Your instructions - Look below for the line that contains "Hi everyone, in", then copy it and each following line to the end of the records, minus any pictures.

Exercise material -
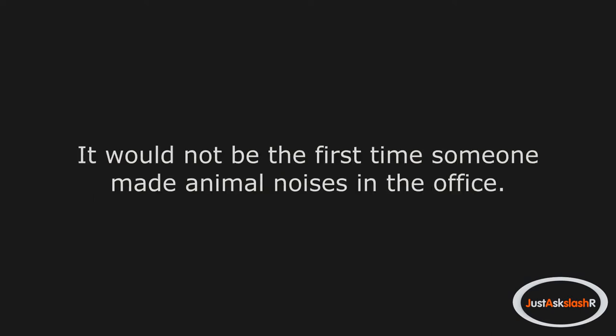My coworkers would have a laugh, and then get back to the work day as usual. It would not be the first time someone made animal noises in the office.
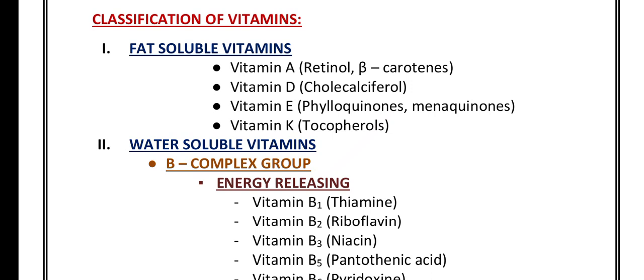The four fat-soluble vitamins are vitamin A, vitamin D, vitamin E, and vitamin K. Vitamin A is also known as retinol and it consists of beta-carotene. Vitamin D is also known as cholecalciferol.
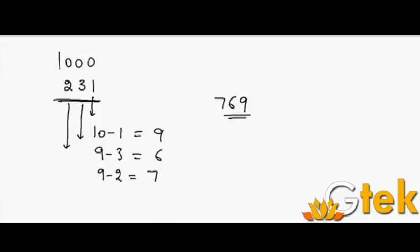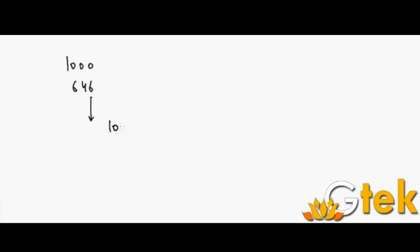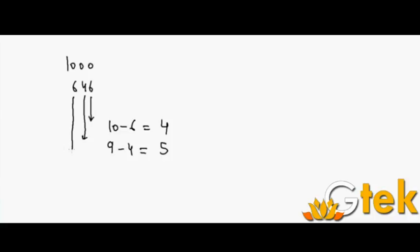Let me take another example, 1000 minus 646. So 10 minus 6 is 4. Ten minus 4 is 5. Here we cannot use something like 10 minus 4 since we got a borrow from the left side. So it is 9 minus 4 is 5. And the next step is 9 minus 6 equals 3. So the answer is 354.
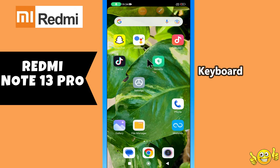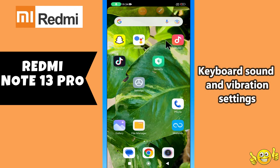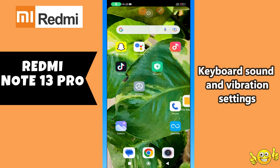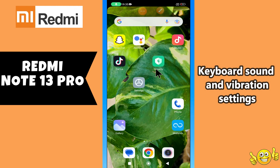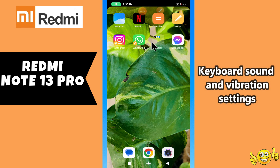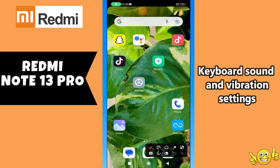Hi everyone, in today's video I'm going to show you how to manage keyboard sound and vibration settings in your device, Redmi Note 13 Pro. Before I start, if you are new to my channel, don't forget to subscribe and hit the bell icon. Watch the complete video and learn how you can do it.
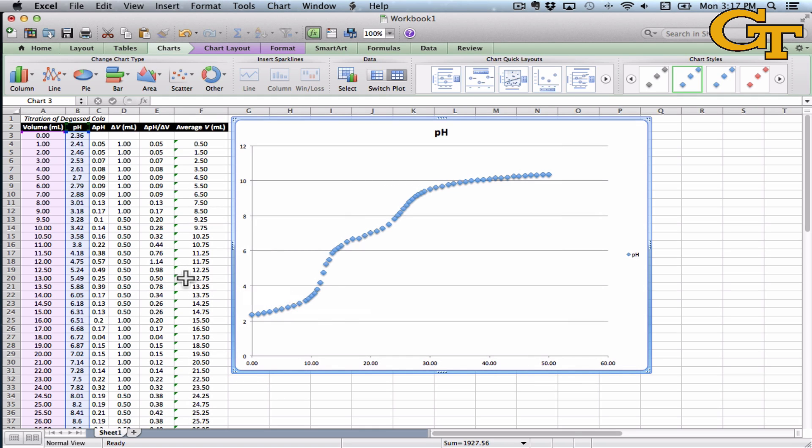Now on top of this, we also want to plot the derivative of the curve. This will help us see the equivalence points, as you'll notice when we get to the end of this process.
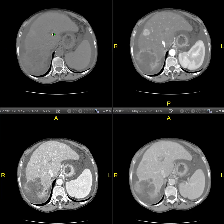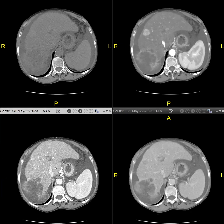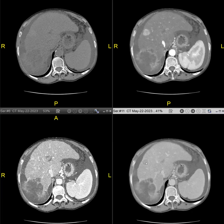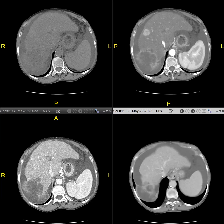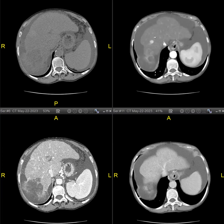And then there are two more lesions. You can see this one has non-rim APHE, it has washout, it has a capsule, it's over two centimeters, and the patient has cirrhosis. So it really has classic features of HCC — LR-5.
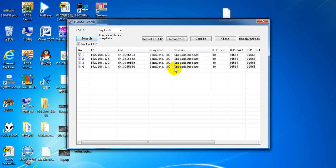Upgrade success — the new software has been updated successfully. After upgrading the four DVR members, you have to reset the default IP address for each device.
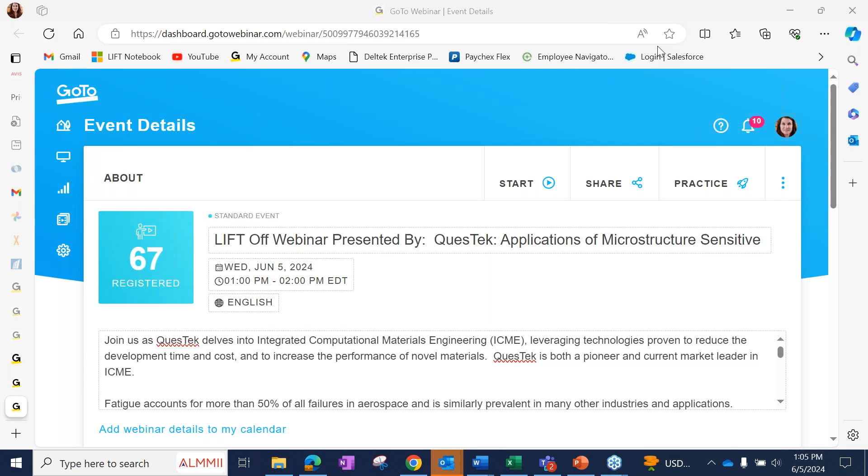Good afternoon and welcome to the LIFT-OFF webinar. My name is Christine Longroy, Senior Director of Ecosystem for LIFT. Thank you for joining us today.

Finished exercise -
Hi everyone, in today's video I'm going to show you how to manage keyboard sound and vibration settings in your device, Redmi Note 13 Pro. Before I start, if you are new to my channel, don't forget to subscribe and hit the bell icon. Watch the complete video and learn how you can do it.
Now on top of this, we also want to plot the derivative of the curve. This will help us see the equivalence points, as you'll notice when we get to the end of this process.
And then there are two more lesions. You can see this one has non-rim APHE, it has washout, it has a capsule, it's over two centimeters, and the patient has cirrhosis. So it really has classic features of HCC — LR-5.
Upgrade success — the new software has been updated successfully. After upgrading the four DVR members, you have to reset the default IP address for each device.
Good afternoon and welcome to the LIFT-OFF webinar. My name is Christine Longroy, Senior Director of Ecosystem for LIFT. Thank you for joining us today.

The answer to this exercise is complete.